"Amy Winehouse: 1984 - 2011" |
There are only two options in how anyone can view another persons life; One: we judge them based on our own morality, principals, and conditioned notions of personal reality. Or two: we understand every solitary story of the human race belongs to its own book; the pages articulated by the actions of it's sole owner. In doing so, we respect the knowledge we are not them; and therefore have no right to pass judgement on decisions they make which only effect themselves - as if we are an omnipotent force who has any right to...
I write this article on discovering the sad news singer/songwriter Amy Winehouse has been found dead in her Camden home, at the tragically young age of 27. Initially it leaves me angry; not because a woman who carried such exceptional talent is no longer with us, or knowing she must have faced extraordinary pressure for so many years; which none of us could ever comprehend. It is more from the amount of judgement I read upon her life, by people who had never met nor even knew her; as if she were a one-dimensonal black and white figure from a poorly written slice of film noir.
I can understand the frustrations of seeing a lost and somewhat innocent soul destroying themselves in a world of heavy drugs and alcohol, or even wasting her prodigious ability. But how many people can truly understand how isolating the pressures of fame are, or how lonely, empty, disillusioned, or just plain tired of life she may had become; finding solace in escapism - as millions of young people do and have done since the dawn of moonshine. We never knew her past, her darkness, or how her eyes saw the world in the harsh glow of a morning sun, so what right do we have to pass sentence; not just on her, but anybody famous? I am tired of those who judge others through the distorted veil of their own disdain; as if they carry the rulebook of life, handed to them by God himself.
It draws parallels to Kurt Cobain; the lead singer/songwriter of grunge band Nirvana, who also passed at the age of 27; after fighting depression, drug problems, and a chronic stomach ailment through most of his adult life. I always thought the guy was and still is perpetually misunderstood; his dry, ironic humour being taken as serious, his sensitivity being judged as pathetic, and sense of human empathy profusely ignored, purely so media types could take potshots at those who find life so fucking awful to exist within, they try to escape its pain through substances; as if they intravenously inject heroin with a smile upon their faces.
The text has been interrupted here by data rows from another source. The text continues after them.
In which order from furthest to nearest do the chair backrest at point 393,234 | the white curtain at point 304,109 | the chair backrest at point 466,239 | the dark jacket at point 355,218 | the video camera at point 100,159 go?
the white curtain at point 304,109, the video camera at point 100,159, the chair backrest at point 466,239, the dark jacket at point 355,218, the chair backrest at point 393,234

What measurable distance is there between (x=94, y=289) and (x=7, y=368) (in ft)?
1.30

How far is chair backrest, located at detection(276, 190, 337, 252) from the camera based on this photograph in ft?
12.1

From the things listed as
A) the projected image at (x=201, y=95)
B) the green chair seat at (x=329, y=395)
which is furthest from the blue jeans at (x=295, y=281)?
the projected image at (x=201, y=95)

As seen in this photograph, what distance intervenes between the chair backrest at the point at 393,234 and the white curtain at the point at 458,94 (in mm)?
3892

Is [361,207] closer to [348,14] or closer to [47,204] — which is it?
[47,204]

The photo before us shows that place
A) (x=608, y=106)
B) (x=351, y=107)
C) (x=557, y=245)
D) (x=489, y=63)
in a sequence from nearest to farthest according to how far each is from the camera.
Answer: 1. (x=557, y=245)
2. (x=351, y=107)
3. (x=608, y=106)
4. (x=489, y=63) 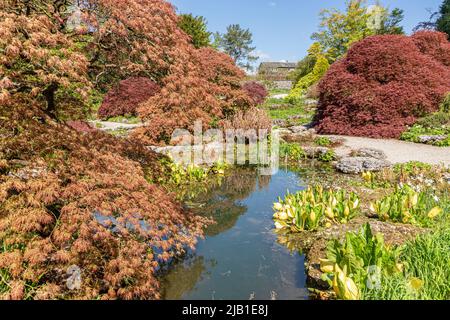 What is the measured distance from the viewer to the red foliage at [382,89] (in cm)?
1305

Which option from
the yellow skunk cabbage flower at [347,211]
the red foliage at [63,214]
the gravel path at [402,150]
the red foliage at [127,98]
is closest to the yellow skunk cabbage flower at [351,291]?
the red foliage at [63,214]

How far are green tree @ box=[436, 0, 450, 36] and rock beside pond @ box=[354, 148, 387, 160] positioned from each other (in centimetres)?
2163

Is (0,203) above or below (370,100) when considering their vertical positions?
below

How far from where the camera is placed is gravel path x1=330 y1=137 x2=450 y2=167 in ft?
31.6

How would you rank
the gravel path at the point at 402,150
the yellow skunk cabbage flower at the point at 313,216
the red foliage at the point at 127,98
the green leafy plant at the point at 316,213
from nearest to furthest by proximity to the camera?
the yellow skunk cabbage flower at the point at 313,216
the green leafy plant at the point at 316,213
the gravel path at the point at 402,150
the red foliage at the point at 127,98

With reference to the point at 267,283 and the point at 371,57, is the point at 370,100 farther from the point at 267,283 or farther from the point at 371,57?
the point at 267,283

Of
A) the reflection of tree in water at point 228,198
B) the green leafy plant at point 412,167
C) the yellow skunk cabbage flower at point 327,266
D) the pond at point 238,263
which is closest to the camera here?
the yellow skunk cabbage flower at point 327,266

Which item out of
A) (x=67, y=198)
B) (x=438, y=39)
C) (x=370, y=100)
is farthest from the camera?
(x=438, y=39)

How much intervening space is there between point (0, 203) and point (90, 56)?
255cm

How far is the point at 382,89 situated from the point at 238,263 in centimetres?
1151

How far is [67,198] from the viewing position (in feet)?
10.6

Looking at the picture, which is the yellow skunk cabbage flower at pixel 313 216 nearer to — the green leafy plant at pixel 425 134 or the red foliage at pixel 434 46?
the green leafy plant at pixel 425 134

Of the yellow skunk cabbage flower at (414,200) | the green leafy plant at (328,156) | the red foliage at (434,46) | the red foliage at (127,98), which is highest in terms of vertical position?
the red foliage at (434,46) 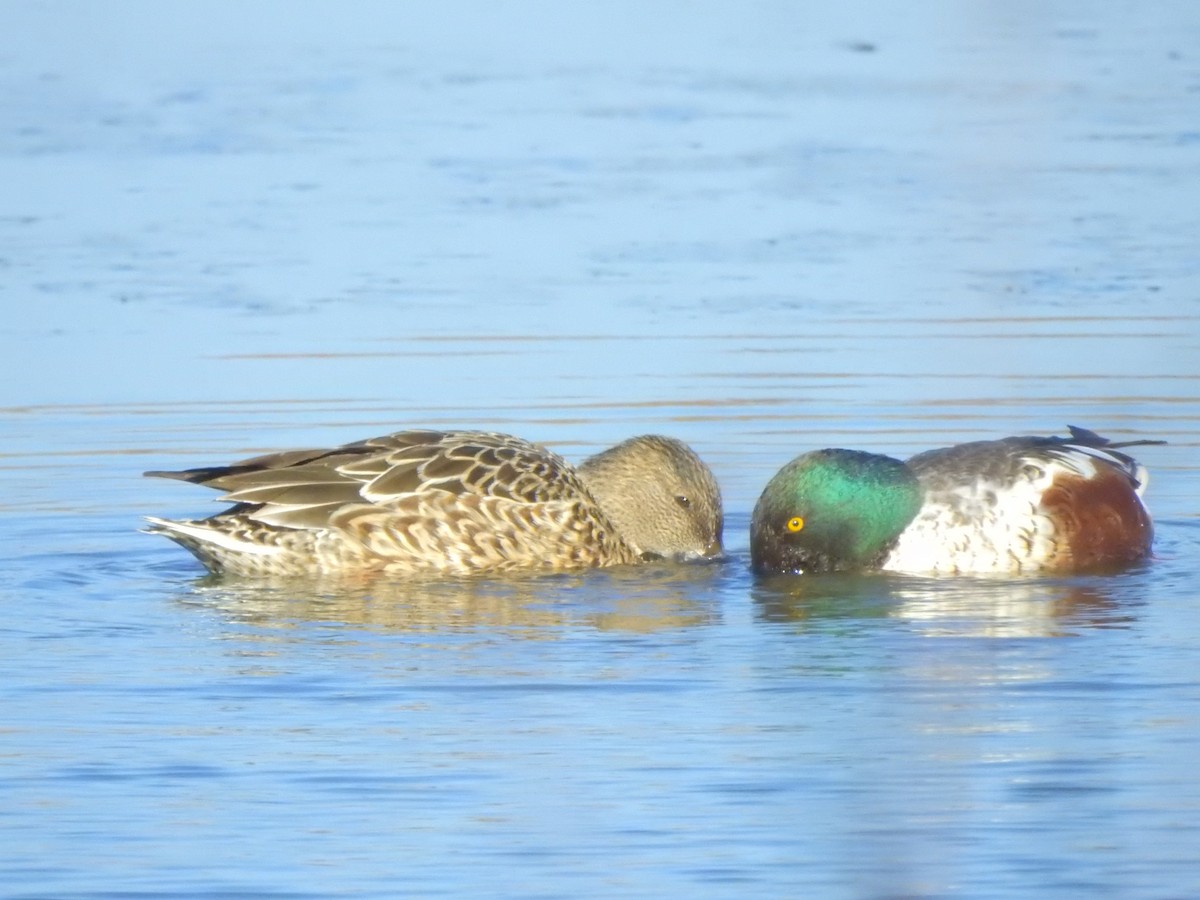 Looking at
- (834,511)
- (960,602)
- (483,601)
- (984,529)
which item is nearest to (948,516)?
(984,529)

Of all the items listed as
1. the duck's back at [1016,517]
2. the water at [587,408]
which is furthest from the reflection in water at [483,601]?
the duck's back at [1016,517]

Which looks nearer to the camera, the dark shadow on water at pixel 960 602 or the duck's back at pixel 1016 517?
the dark shadow on water at pixel 960 602

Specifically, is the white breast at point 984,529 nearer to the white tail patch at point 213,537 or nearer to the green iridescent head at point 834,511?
the green iridescent head at point 834,511

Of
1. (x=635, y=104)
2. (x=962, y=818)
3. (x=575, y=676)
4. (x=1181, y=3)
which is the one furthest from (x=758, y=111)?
(x=962, y=818)

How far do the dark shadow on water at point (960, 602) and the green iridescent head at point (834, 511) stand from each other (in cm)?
9

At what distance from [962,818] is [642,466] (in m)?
4.09

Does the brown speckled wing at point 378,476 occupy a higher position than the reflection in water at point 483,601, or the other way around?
the brown speckled wing at point 378,476

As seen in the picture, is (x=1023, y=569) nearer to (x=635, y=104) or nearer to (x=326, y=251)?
(x=326, y=251)

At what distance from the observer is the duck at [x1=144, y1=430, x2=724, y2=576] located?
7.91 m

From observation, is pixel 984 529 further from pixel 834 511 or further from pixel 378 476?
pixel 378 476

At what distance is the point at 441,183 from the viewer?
14.4 m

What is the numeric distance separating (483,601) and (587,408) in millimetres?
2777

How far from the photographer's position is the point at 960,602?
723 centimetres

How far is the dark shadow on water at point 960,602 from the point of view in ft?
22.4
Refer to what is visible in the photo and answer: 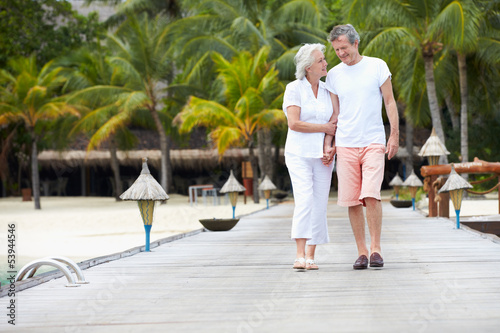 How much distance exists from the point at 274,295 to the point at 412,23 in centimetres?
1455

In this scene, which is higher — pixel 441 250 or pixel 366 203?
pixel 366 203

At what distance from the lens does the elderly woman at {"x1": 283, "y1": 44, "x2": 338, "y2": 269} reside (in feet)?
15.0

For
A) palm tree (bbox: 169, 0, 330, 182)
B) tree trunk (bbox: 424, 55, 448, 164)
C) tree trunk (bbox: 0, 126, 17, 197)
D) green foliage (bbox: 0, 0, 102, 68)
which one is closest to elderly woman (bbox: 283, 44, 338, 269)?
tree trunk (bbox: 424, 55, 448, 164)

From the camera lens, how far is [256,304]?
3453mm

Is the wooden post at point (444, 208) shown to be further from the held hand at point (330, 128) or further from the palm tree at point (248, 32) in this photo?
the palm tree at point (248, 32)

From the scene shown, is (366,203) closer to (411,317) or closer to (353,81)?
(353,81)

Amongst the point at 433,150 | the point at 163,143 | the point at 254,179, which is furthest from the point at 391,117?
the point at 163,143

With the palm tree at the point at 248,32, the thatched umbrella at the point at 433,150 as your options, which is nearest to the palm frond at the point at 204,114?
the palm tree at the point at 248,32

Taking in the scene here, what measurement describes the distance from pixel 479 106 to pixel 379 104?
17.9 metres

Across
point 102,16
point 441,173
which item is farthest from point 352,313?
point 102,16

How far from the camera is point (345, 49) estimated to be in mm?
4535

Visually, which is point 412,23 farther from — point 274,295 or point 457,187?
point 274,295

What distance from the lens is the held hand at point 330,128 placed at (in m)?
4.63

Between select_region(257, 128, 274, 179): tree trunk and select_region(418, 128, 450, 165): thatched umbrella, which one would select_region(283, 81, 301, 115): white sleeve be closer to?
select_region(418, 128, 450, 165): thatched umbrella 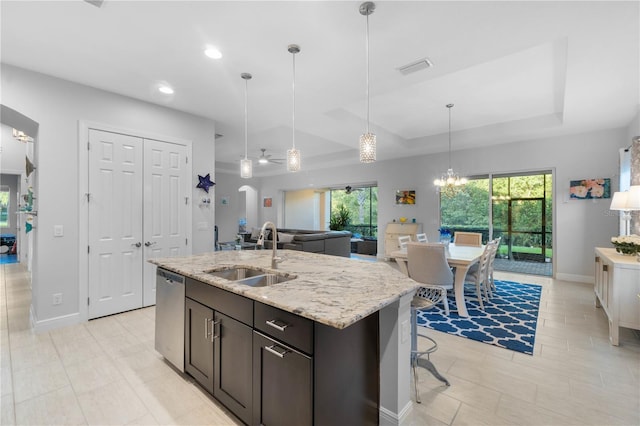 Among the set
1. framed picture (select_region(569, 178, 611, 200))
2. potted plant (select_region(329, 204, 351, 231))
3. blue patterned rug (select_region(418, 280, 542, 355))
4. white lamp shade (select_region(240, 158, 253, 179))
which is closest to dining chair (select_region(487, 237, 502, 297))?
blue patterned rug (select_region(418, 280, 542, 355))

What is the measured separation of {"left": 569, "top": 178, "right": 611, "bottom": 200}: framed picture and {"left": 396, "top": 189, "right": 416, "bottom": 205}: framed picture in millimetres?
→ 2940

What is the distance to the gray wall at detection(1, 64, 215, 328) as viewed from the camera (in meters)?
A: 3.01

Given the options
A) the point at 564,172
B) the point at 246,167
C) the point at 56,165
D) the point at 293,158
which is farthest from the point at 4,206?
the point at 564,172

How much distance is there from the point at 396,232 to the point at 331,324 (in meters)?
6.41

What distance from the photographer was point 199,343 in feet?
6.53

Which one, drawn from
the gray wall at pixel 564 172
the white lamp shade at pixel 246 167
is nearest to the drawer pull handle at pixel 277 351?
the white lamp shade at pixel 246 167

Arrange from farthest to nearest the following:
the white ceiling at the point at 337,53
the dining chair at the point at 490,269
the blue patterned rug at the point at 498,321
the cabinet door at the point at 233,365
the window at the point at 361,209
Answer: the window at the point at 361,209 < the dining chair at the point at 490,269 < the blue patterned rug at the point at 498,321 < the white ceiling at the point at 337,53 < the cabinet door at the point at 233,365

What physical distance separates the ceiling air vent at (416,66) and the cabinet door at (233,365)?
9.10 ft

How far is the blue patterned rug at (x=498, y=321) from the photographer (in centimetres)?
287

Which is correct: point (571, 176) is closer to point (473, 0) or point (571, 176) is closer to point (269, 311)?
point (473, 0)

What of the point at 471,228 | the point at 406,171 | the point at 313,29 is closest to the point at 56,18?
the point at 313,29

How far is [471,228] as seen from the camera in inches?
260

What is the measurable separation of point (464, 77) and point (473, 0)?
67.1 inches

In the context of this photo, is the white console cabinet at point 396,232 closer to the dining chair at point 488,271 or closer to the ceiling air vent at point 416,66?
the dining chair at point 488,271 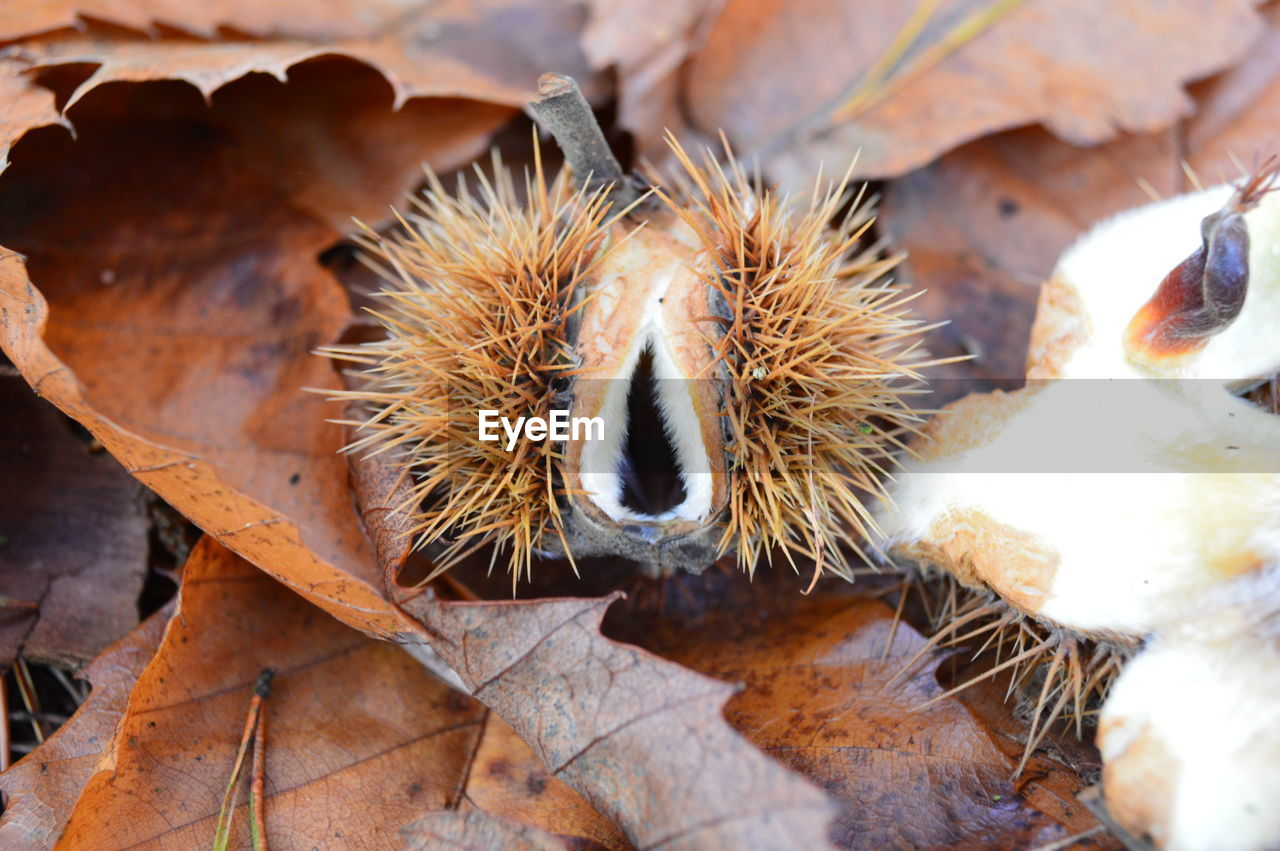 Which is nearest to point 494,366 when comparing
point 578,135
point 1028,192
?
point 578,135

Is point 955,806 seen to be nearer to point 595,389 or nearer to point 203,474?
point 595,389

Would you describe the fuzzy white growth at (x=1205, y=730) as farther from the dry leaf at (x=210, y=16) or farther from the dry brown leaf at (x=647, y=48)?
the dry leaf at (x=210, y=16)

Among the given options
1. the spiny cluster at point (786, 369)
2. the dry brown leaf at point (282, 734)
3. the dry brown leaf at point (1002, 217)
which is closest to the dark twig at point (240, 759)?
the dry brown leaf at point (282, 734)

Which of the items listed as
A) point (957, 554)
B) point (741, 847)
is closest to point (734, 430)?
point (957, 554)

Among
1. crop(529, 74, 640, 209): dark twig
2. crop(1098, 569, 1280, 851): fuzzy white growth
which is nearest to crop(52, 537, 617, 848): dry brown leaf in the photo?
crop(1098, 569, 1280, 851): fuzzy white growth

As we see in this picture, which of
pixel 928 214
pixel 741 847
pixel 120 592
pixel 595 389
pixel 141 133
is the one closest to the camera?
pixel 741 847

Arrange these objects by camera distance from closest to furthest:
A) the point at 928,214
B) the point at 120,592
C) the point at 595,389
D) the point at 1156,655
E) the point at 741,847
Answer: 1. the point at 741,847
2. the point at 1156,655
3. the point at 595,389
4. the point at 120,592
5. the point at 928,214

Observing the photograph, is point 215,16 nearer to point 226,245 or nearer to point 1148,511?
point 226,245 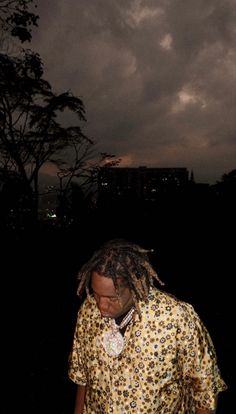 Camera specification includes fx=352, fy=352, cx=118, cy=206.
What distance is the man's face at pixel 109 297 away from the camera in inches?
70.4

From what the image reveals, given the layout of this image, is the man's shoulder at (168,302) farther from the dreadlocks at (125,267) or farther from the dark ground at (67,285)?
the dark ground at (67,285)

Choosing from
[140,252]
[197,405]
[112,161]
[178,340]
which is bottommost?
[197,405]

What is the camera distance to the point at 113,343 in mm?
1835

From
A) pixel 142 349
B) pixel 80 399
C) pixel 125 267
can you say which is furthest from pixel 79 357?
pixel 125 267

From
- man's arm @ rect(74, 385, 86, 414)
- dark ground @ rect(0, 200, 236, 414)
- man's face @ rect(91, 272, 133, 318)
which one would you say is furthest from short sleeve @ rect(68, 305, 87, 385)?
dark ground @ rect(0, 200, 236, 414)

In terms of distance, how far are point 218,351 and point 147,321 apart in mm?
4698

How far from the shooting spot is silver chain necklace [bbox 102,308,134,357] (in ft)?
5.96

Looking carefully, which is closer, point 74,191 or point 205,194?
point 205,194

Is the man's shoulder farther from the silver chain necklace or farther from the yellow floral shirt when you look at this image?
the silver chain necklace

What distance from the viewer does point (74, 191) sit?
19.4m

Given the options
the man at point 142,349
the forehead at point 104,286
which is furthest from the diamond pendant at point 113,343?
the forehead at point 104,286

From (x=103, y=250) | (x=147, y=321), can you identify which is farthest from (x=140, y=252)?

Another soul has left this Earth, way too young. Another tortured artist to be condemned today, and revered a couple of decades from now. Leaving a collection of timeless music, misunderstood interviews, and revisionist biographies by people who never really knew her, looking to cash in on her both her name, and her death; acts much more heinous than merely being a good soul lost in a bad drug addiction. I am sorry to hear she has died, as she was one of the very few artists of my generation, who seemed to stay true to how they saw the world - regardless of the force thrust upon her; that and she had the unique voice of a weary yet soulful angel.
More than anything, I hope she never felt alone in her life. But it seems the more you understand the nature of life, the more you understand how very few people actually do. We all deal with the trials and tribulations in different means - some people write, a few dance, most construct a veil, and a tragic few become lost in a culture of drugs. Amy Winehouse experienced a life very few will ever understand. You don't have to like what she did, or how she lived her life, but remember one unquestionable truth; you never walked a mile in her shoes... or wrote a masterpiece like Back to Black.